**Activity**
Beginning with the line that includes "Продам Samsung J5" and ending with the last line, print the records exactly, leaving every picture out.

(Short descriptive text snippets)
+ + + + + + +

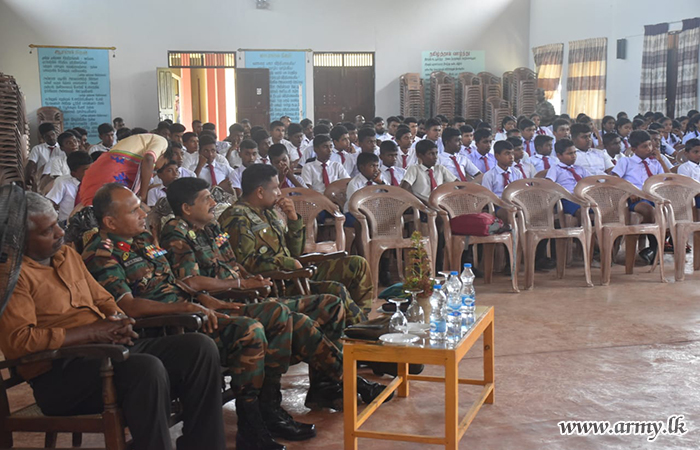 Vakarai Students & Civilians Educated on Dangers of Narcotics  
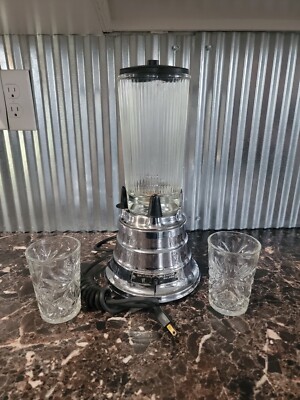 Vintage Retro Waring Blendor Deluxe Model 702 with vtg cups 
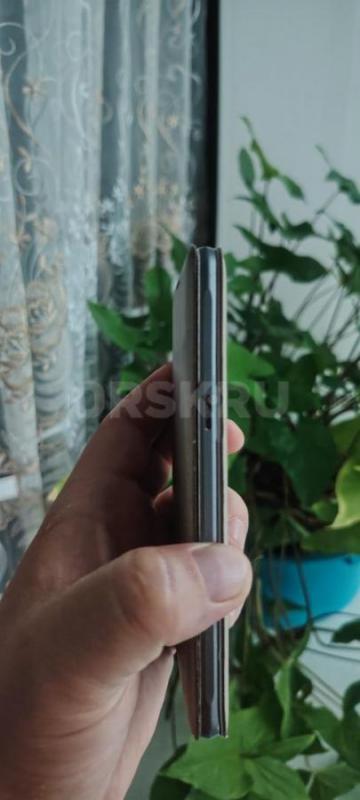 Продам Samsung J5 510fn работает без нареканий, но отсутствует  кнопка питания, можно включать скреп - Орск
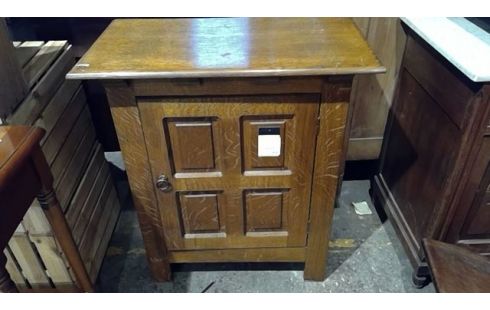 CONFITURIER-MÖBEL GETÖNT EICHE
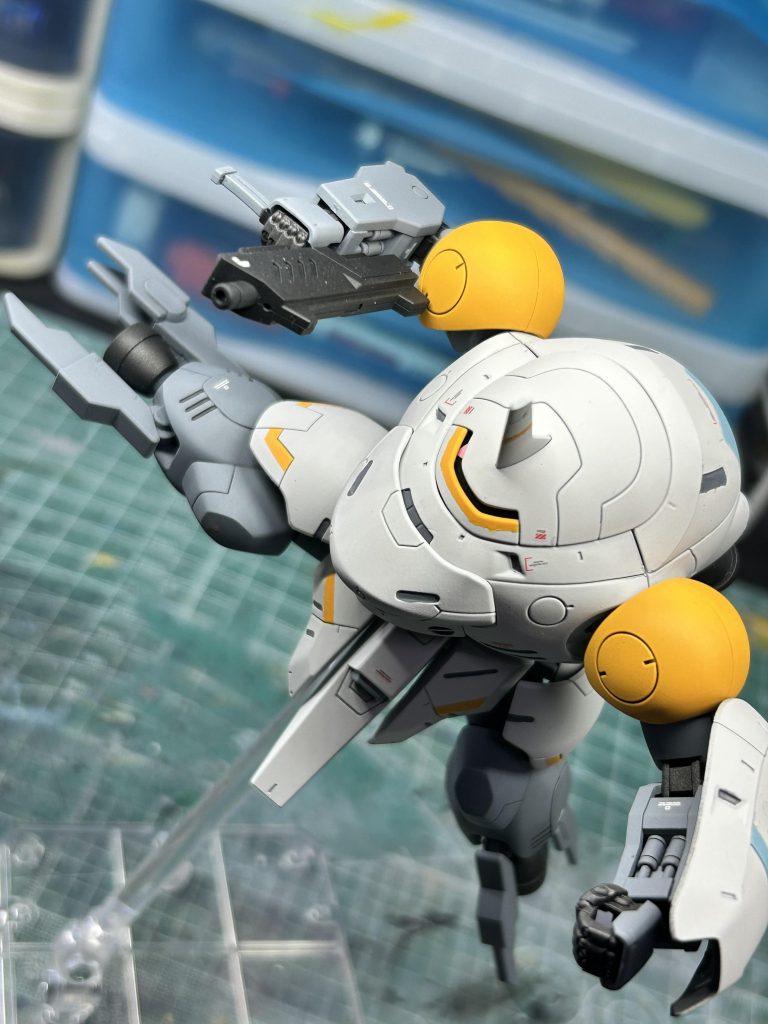 クロー脚キックポーズ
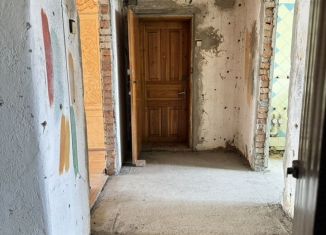 Продам 3-комнатную квартиру, 90 м2, Владикавказ, улица Генерала Дзусова, 25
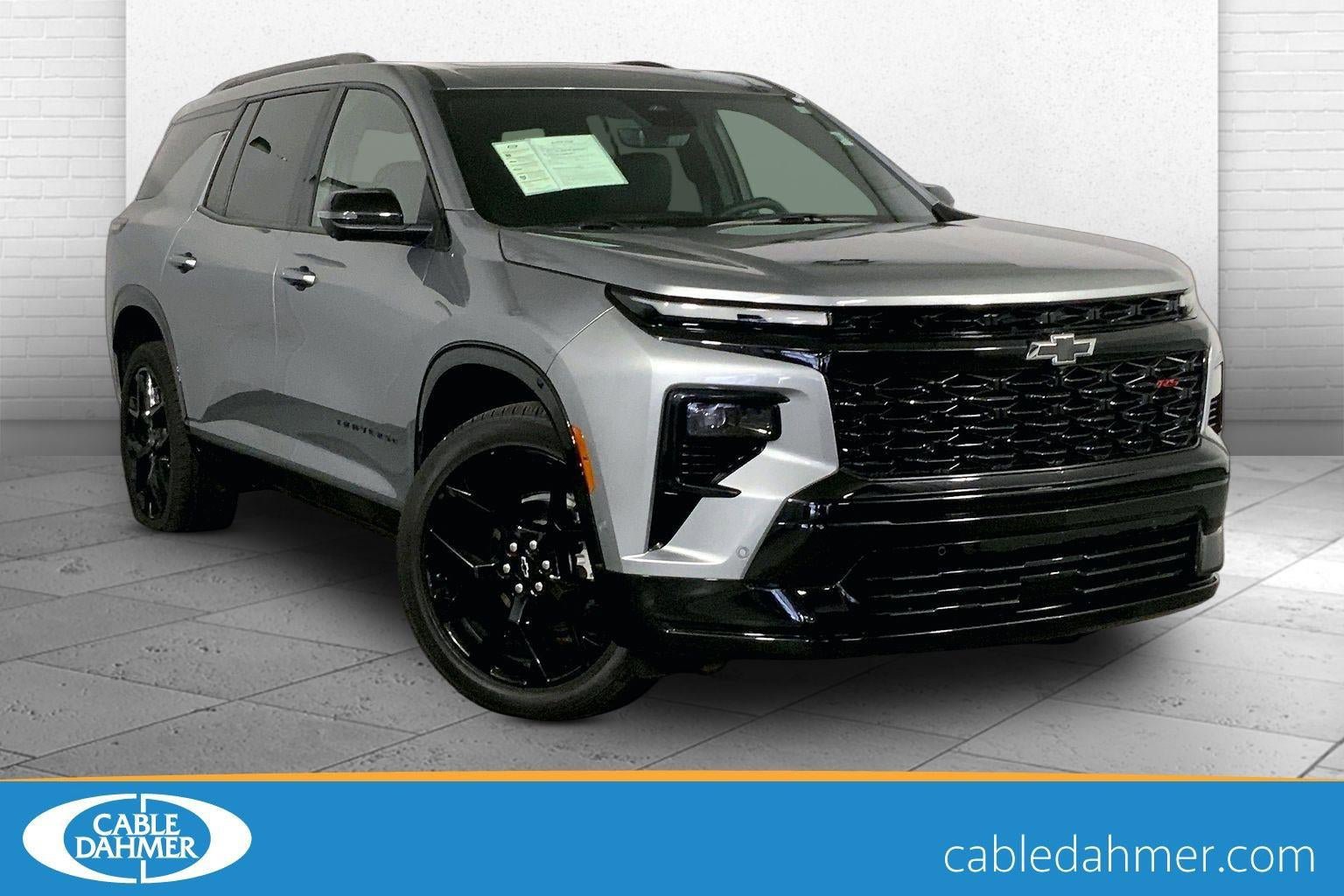 Used 2025 Chevrolet Traverse RS AWD/4WD image 1
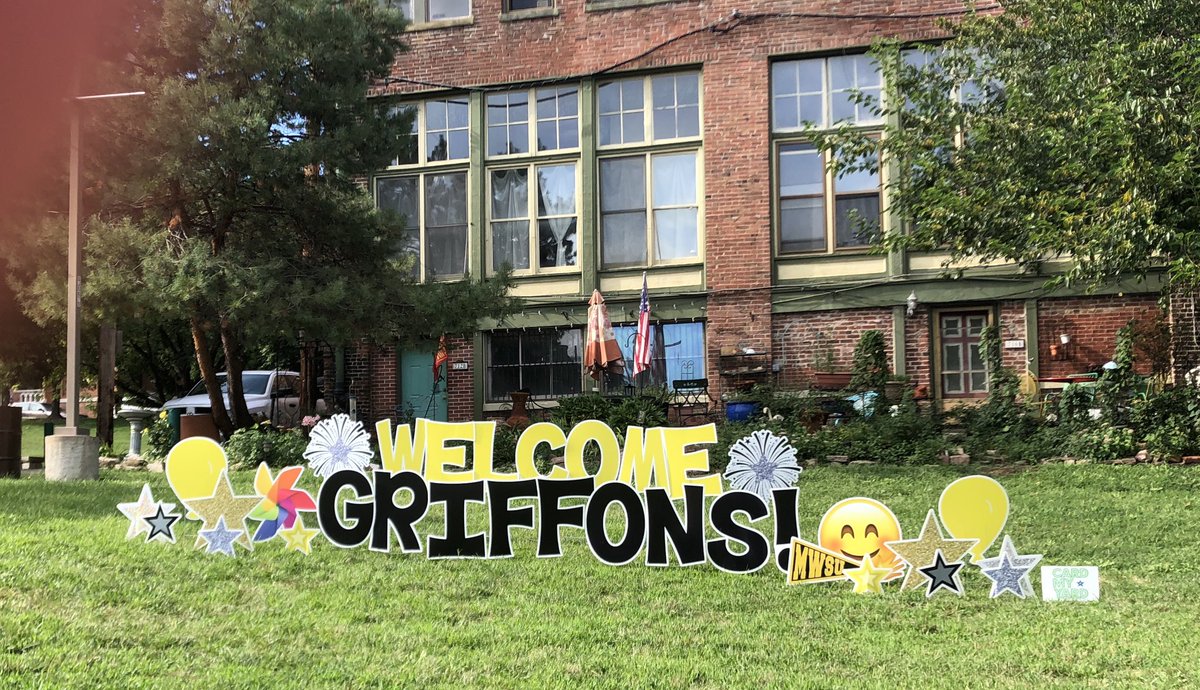 NewGriffs's tweet photo. 🚨Griff Up Downtown is ready for you!🚨
Hundreds of FREE shirts, hundreds of yogurt samples, prizes, games, dance party, face painting, and more!! See you soon. 😎🦁🦅
#GriffUpDT #GriffonEdge19 #GriffUp #GoGriffs #ClassOf2023 #ClassOfCourage https://t.co/yPZKwKyNR7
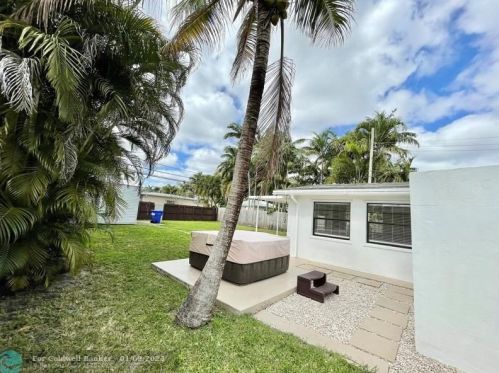 1010 31st Ct, Hollywood FL  33021-5511 exterior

+ + + + + + +

**Task solution**
 Продам Samsung J5 510fn работает без нареканий, но отсутствует  кнопка питания, можно включать скреп - Орск
 CONFITURIER-MÖBEL GETÖNT EICHE
 クロー脚キックポーズ
 Продам 3-комнатную квартиру, 90 м2, Владикавказ, улица Генерала Дзусова, 25
 Used 2025 Chevrolet Traverse RS AWD/4WD image 1
 NewGriffs's tweet photo. 🚨Griff Up Downtown is ready for you!🚨
Hundreds of FREE shirts, hundreds of yogurt samples, prizes, games, dance party, face painting, and more!! See you soon. 😎🦁🦅
#GriffUpDT #GriffonEdge19 #GriffUp #GoGriffs #ClassOf2023 #ClassOfCourage https://t.co/yPZKwKyNR7
 1010 31st Ct, Hollywood FL  33021-5511 exterior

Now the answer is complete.